ARTA classics

Antonin Rejcha - Quartets for flute, violin, viola and cello
Buy this CD at cdmusic.cz F1 0099-2
Total time - 76:52
Antonin Rejcha (1770 - 1836)
Quartets for flute, violin, viola and cello, Op. 98 / 1, 5 , 6
    No. 6, G dur / G major
  1. Allegro moderato 12:48
  2. Modulation. Largo 6:31
  3. Modulation. Fugue a deux sujets 2:35
  4. Finale - Poco adagio. Agitato 6:13

    No. 5, C dur / C major

  5. Andante con Variazioni 7:40 Real Audio
  6. Allegro 8:19
  7. Aria - Andante. Allegro assai 3:54
  8. Finale - Allegro 4:31

    No. 1, e moll / E minor

  9. Allegro moderato 7:08
  10. Larghetto 6:18
  11. Minuetto 4:02 Real Audio
  12. Finale - Allegro 6:02

Andreas Kroper Andreas Kroper, traverso
Antiquarius Trio Praga: Vaclav Navrat, violin; Ivo Anyz, viola; Hana Flekova, violoncello

Antonin Rejcha was a musical prophet'

says Andreas Kroper in an interview with Dagmar Paclova

For years you have been actively interested in Antonin Rejcha. What is it about him that you find so interesting?

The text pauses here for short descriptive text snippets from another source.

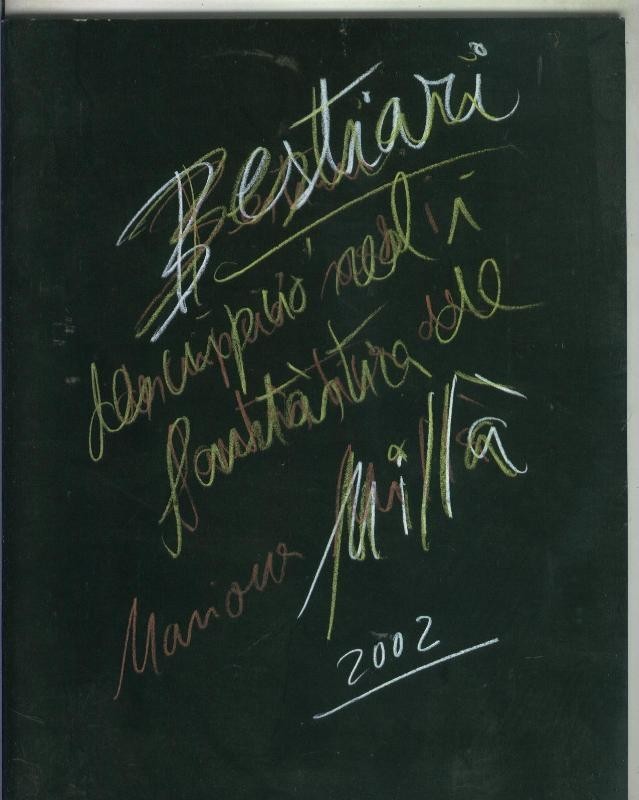 Bestiari de Mariona Milla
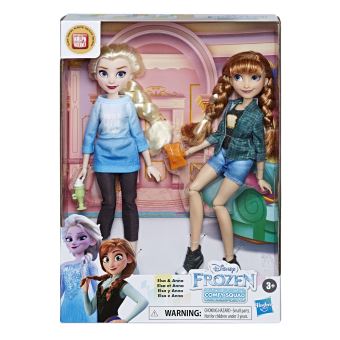 Poupées Hasbro Disney Princesses La Reine des Neiges Anna et Elsa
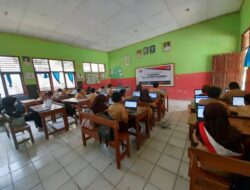 Pra ANBK, GMK Gelar Pelatihan Komputer di SDN Cidahu 2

In the last third of the eighteenth century composers, such as Antonin Rejcha (who was born on 27 February 1770, in Prague, and died on 28 May 1836, in Paris), had to learn the new rules that were being set for musicians. As a consequence of the French Revolution music for the public had to be formulated so that it could be understood by everybody. Music of the Baroque and Classical periods did not correspond to that requirement, and was considered the pursuit of exclusive groups and of the educated. In the previous century a pupil learning the art of composition and how to play an instrument directly from a master was also his master's servant: he chopped wood for him, polished his boots, and so on. With the new century, that was no longer the case. And, after the French Revolution and as a result of the changes that followed from it, suddenly every citizen had the right to study music. This also led to the founding of the Paris Conservatory. In an attempt to enable every citizen to understand music, it was now maintained that one simply had to feel music. We need to recall that in the last century, to be able to feel music was something taken for granted, by both the audience and especially by the composer. It was the composer who tried to express his world of feeling with music, so that he could in turn tell the listener about his emotional processes and the excitement that had led him to create the composition.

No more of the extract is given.